Photos © British Museum
The thought of this magnificent ship slicing through the freezing northern Atlantic waves – seen in a looping film at the end of the room – gives a shiver-inducing sense of what Viking travel must have been like.
- Mark Hudson, The Telegraph
Bringing together objects from multiple collections, the exhibition demonstrates the changing face of the Viking civilization between 800 and 1050 as it became exposed to influences across four continents. Swords, axes, looted hoards and even skeletons illustrate the violence at the heart of this warrior culture.
Above all though, it’s the maritime expertise of the Vikings that defined them as renowned pathfinders, and it’s in the final gallery that this is most celebrated with the presentation of the pièce de résistance; the excavated keel of the longest Viking warship ever discovered; the Roskilde 6.

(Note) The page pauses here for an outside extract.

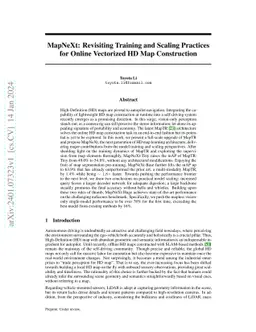 MapNeXt: Revisiting Training and Scaling Practices for Online Vectorized
  HD Map Construction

The exhibition takes you into the heart of the Viking age, surrounding you with powerful voices reading passages in Old Norse from Viking sagas, overlaid with the sound of the ocean. On the furthest wall is projected film of wild sea, conjuring a vision of how bleak it must have been aboard the Roskilde 6 headed for battle.
As with all past British Museum exhibitions, Sysco worked very closely with the museum to ensure that all equipment used for the installation was both discreet and sympathetic to the vulnerable artifacts. Controls were fully automated to turn on and off at pre-determined times, creating a bespoke system designed for ease of use for museum staff.